Quote Originally Posted by mparker762 View Post
Sure. I have a couple of microscopes as well. And I see similar sorts of scratches, depending on the angle of the light. But what I'm seeing are *not* the scratches from the shapton 30k - they're the scratches from the lower-grit hones, brought into sharp relief by the polishing action of the shapton which polishes the tops of the high ridges. In the photos you linked to, notice that in the shapton shot there are large, fairly contiguous areas on that bevel that look a bit flattened and polished, where the grooves aren't as prominent. There are three irregular bands of these going across the length of the bevel, one at the very edge that may be a microbevel, and two more farther back on the bevel. One or all of those bands is likely where the shapton is honing - my suspicion is it's the one at the edge itself, because...

The nakayama-finished blade actually has a rougher edge - don't look at the bevel, look at the edge itself - there is a distinct regular sawtooth pattern on the nakayama edge that isn't present on the S30k edge. This again demonstrates pretty solidly that neither the nakayama nor shapton edges were effectively sharpened on those hones, and that the edges are still hopelessly compromised by the remnants of their 1k honing striations. Verhoeven demonstrated in his paper that when viewed under an electron microscope, blades only show a regular sawtooth pattern up to about 2k grit, beyond that the edge gets thin enough that the steel at the edge is simply too weak to sustain the sawteeth. When I compare edge roughness between hones, I set the lighting and contrast so that only the reflection off the edge shows up, this reduces the distraction of the bevel appearance since all you have to look at is the thin white line interrupted by the occasional microchip. Any sawtooth pattern that is showing up means that I need to go back to the 4k or 8k hone and clean things up before going back to the finishing steps.

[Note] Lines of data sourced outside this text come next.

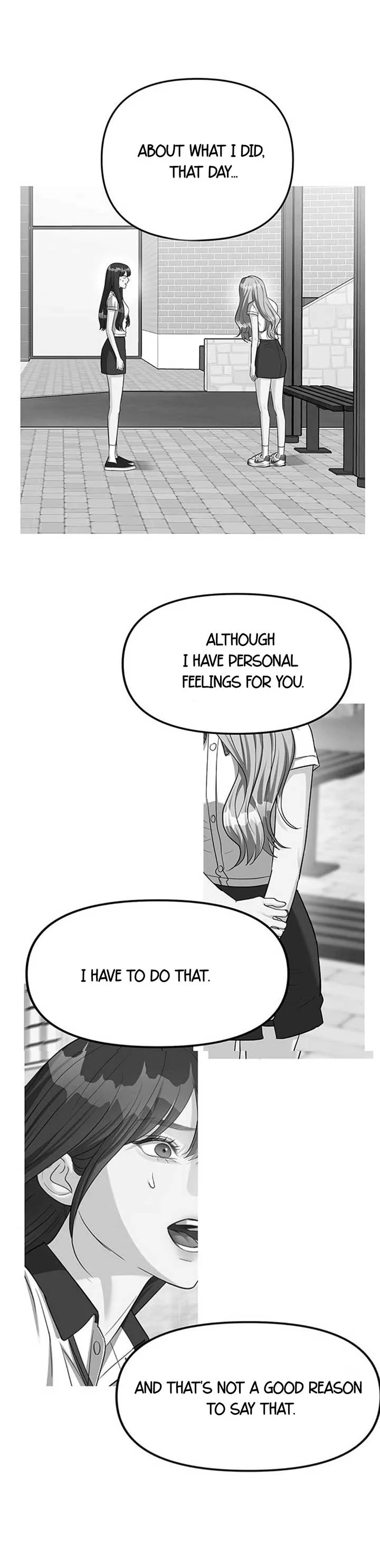 Undercover! Chaebol High School Chapter 39 page 29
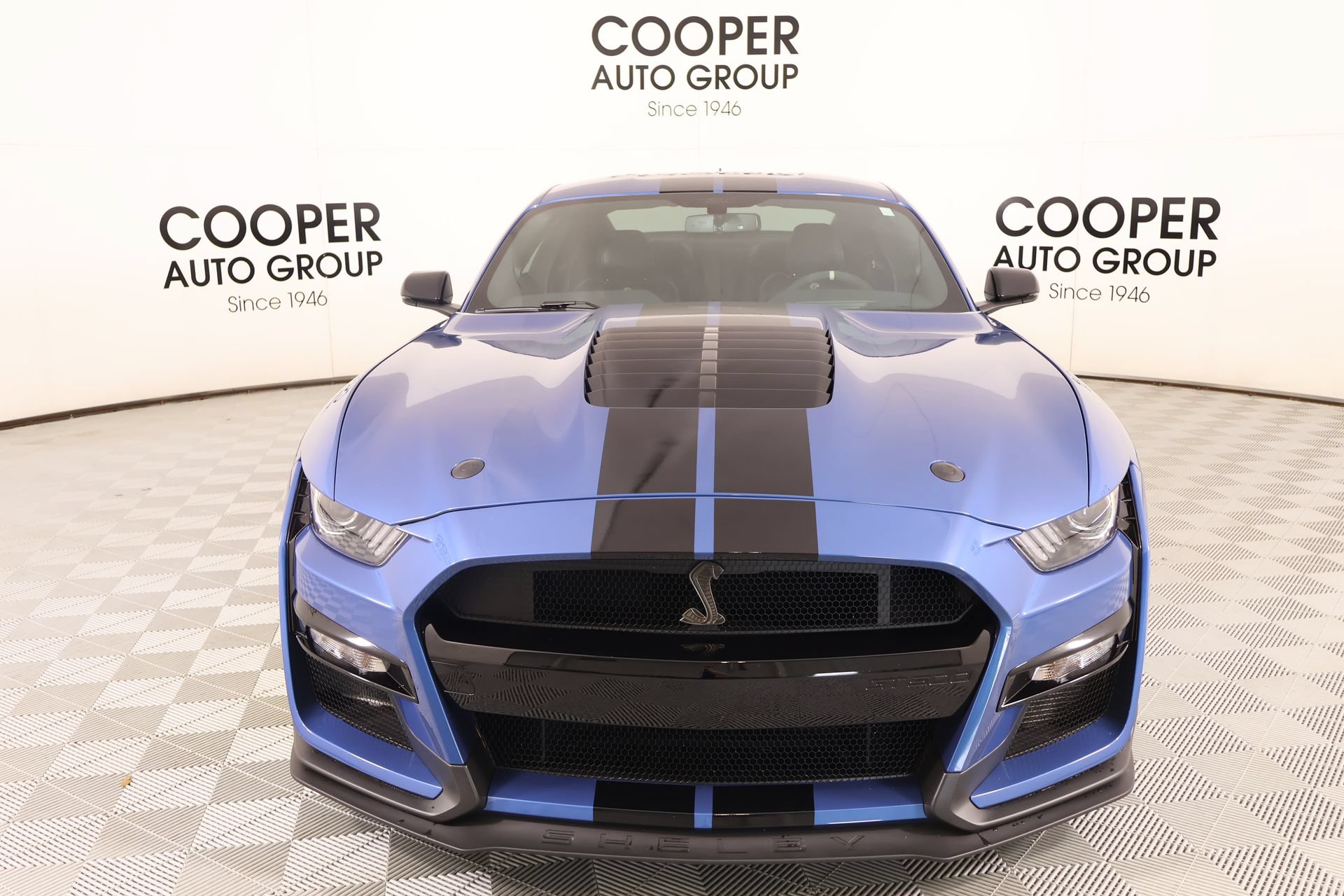 Certified 2021 Ford Mustang Shelby GT500 w/ Technology Package RWD image 10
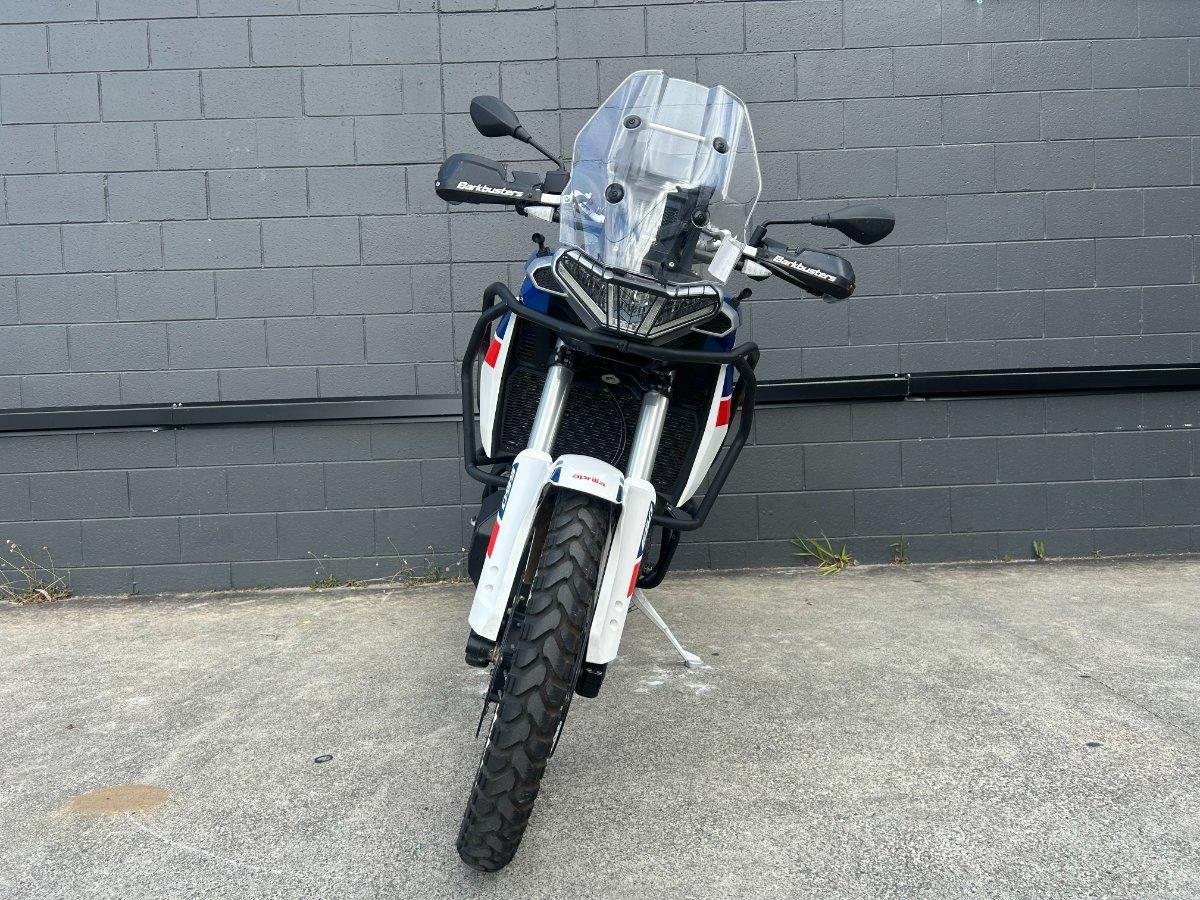 2022 APRILIA TUAREG EVOCATIVE 660 SPORTS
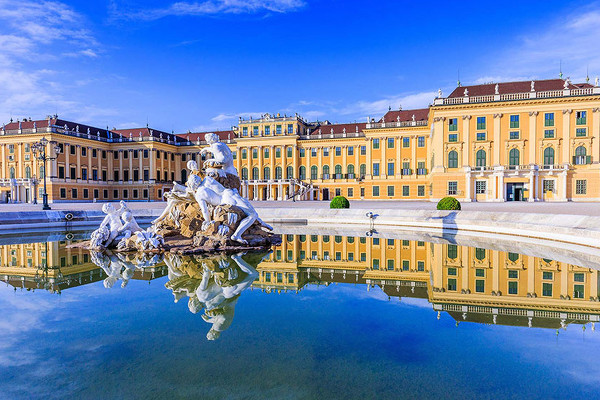 Vídeň, její památky a historické skvosty
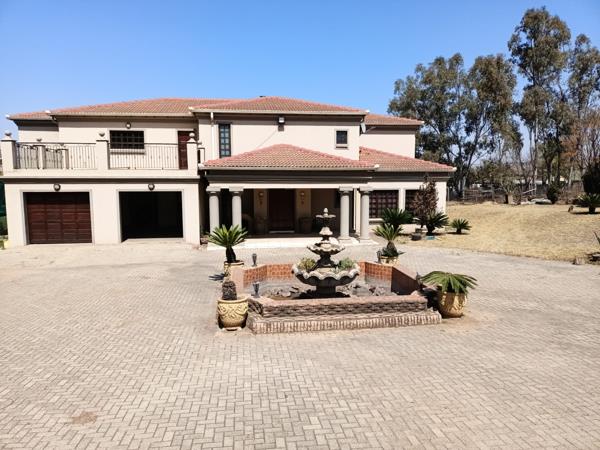 5 Bedroom House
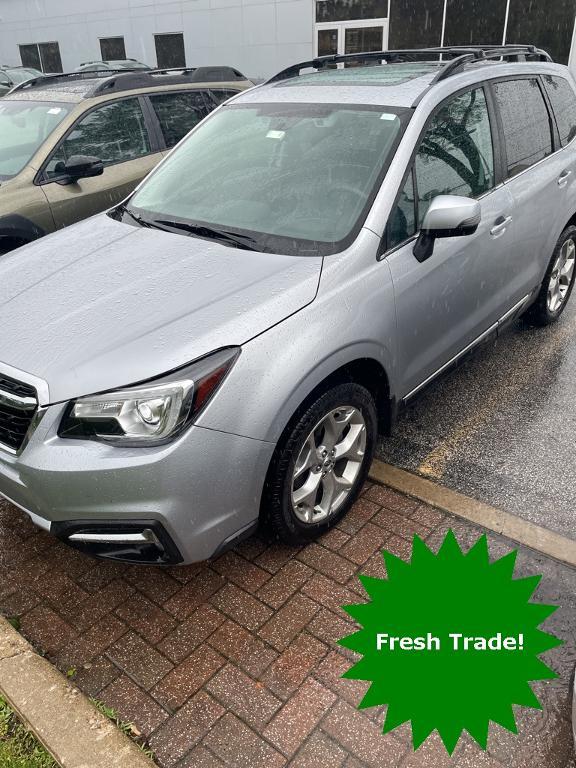 used 2018 Subaru Forester car, priced at $18,977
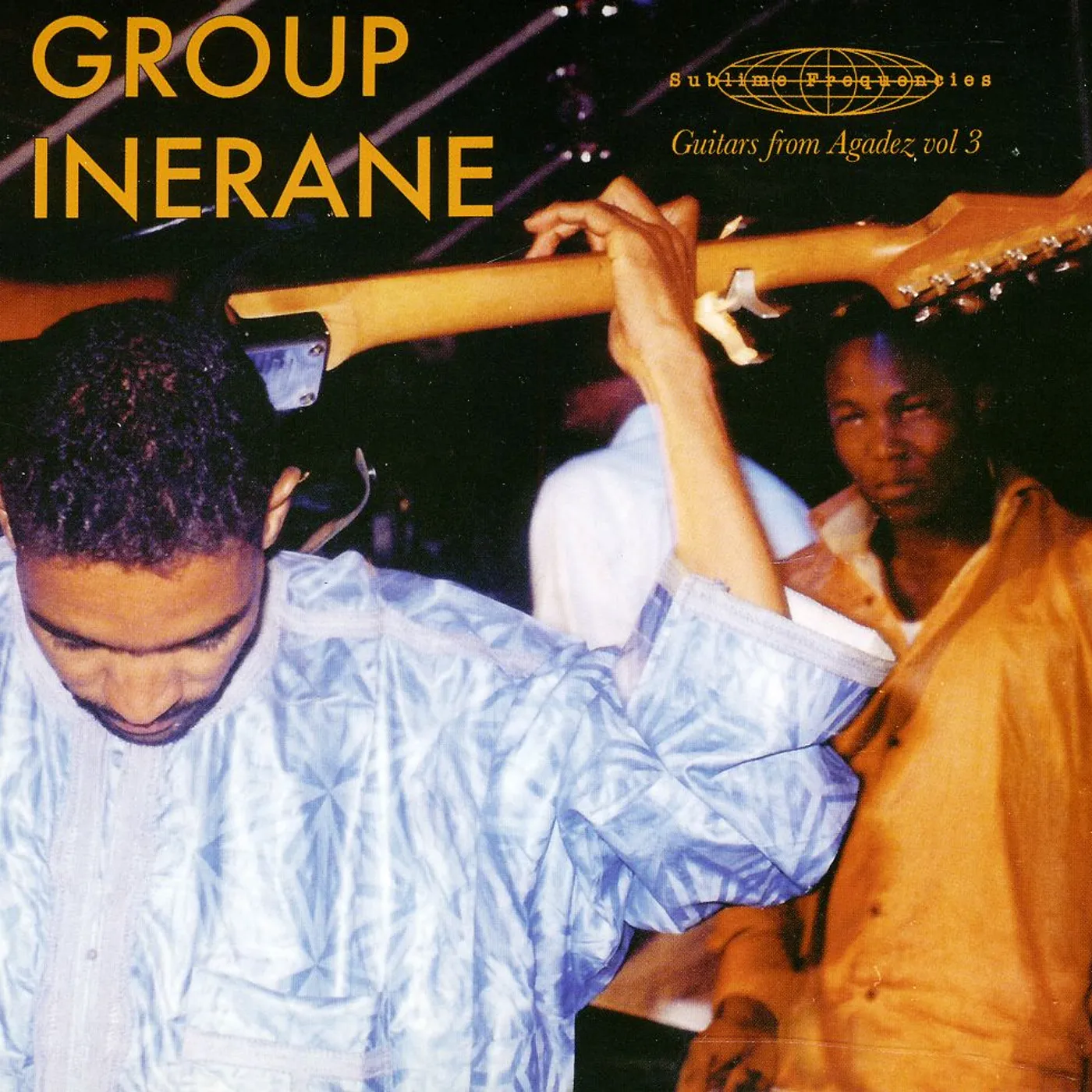 Group Inerane Brand Page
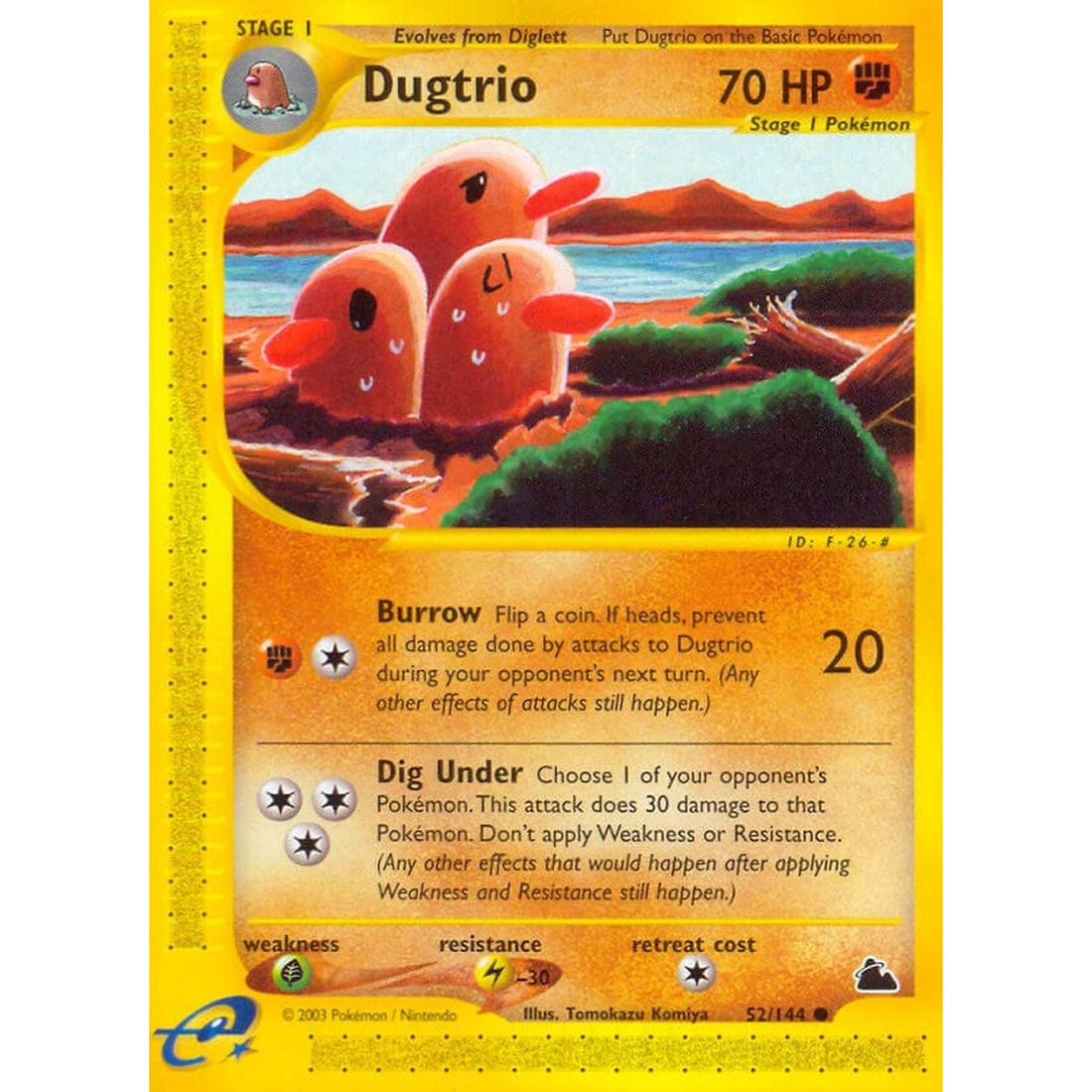 Dugtrio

The real reason the nakayama bevel looks "finer" is the loose particles in the slurry are rolling around underneath the bevel and leave behind a finish that under magnification looks like it's been sandblasted, and this changes the way the light reflects off the surface minimising the appearance of the underlying low-grit scratches. If those edges had been honed properly then neither razor would show any grooving pattern at all at that magnification, there would be no sawtooth pattern at the edge. From looking at those partially-honed bands on the S30k picture, you might predict that the properly-honed S30k bevel would look like a mirror (and you would be right), and from looking at the sandblasted-grooves on the Nakayama picture you might predict that the Nakayama bevel would look like a sandblasted mirror (and you would also be right).




Sorry, but unless you've got a microscope at least 1,000x, then what you're seeing aren't the scratches from the nakayama or shapton, and I'm doubtful that even at 1000x that an optical microscope could resolve scratches of this size.

Secondly, while it's true that the particles from the Nakayama are always breaking down, it's also true that new large particles are always coming out. So this isn't a win-win scenario - those small broken-down particles may well be smaller than the ones on the Shapton30k, but those new fresh particles coming out are larger than the ones in the Shapton. And I've never heard anyone claim that the particles in the Shapton don't break down. Certainly on mine it gets finer and finer over repeated uses after I've lapped it, which makes me think that the abrasives are breaking down as well.





I don't think you're dissing shapton, I just don't believe that those photos you linked to are particularly useful except as a negative example.

I get similar levels of sharpness out of my shapton 30k and nakayama asagi. If either is superior it isn't by much, certainly not enough to worry about since there are ways of getting much higher levels of sharpness. So if I'm going for sharpness I really don't care if the nakayama is 10% or even 30% better than the shapton, because the edge is only gonna be there for the few minutes it takes to haul out the newspaper or 0.1 micron diamond or 0.05 micron aluminum oxide.